A team of researchers from Microsoft has introduced the largest 1-bit generative AI model to date, called BitNet b1.58 2B4T, which is already available for free use under the MIT license. Unlike standard solutions, this model can even run on regular processors, including Apple M2 chips, opening up new possibilities for users with minimal hardware resources.
BitNet b1.58 2B4T uses a unique compression approach, storing parameters as only three values — minus one, zero, and one. This structure allows the model to remain extremely efficient in terms of memory and speed, outperforming traditional models of similar size. Training this model required a massive amount of data — four trillion tokens, which is roughly equivalent to thirty-three million books.

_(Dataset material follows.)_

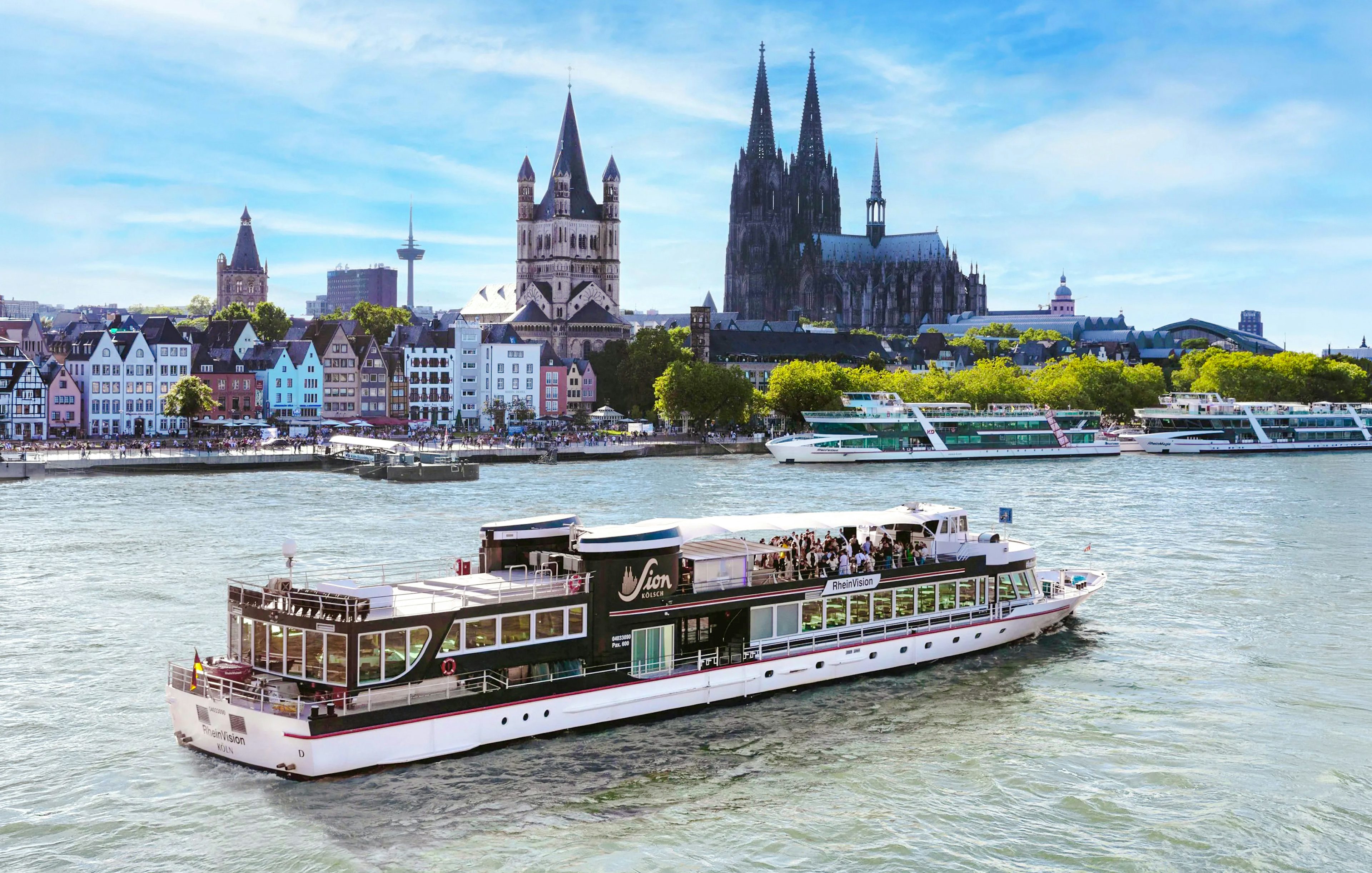 Cruise boat on the Rhine River with Cologne Cathedral in the background.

In tests, BitNet b1.58 2B4T outperformed competitors with a similar number of parameters, including Llama 3.2 1B from Meta, Gemma 3 1B from Google, and Qwen 2.5 1.5B from Alibaba. The model showed particularly impressive results in logical reasoning tasks and everyday math problems, and in terms of speed, it sometimes doubled the performance of similar solutions while using significantly less memory.
At the same time, achieving such results requires the use of a special Microsoft development — the bitnet.cpp framework, which currently supports only a limited range of hardware. Support for graphics processors, which dominate the AI field, is not yet available, limiting the model’s deployment across different platforms.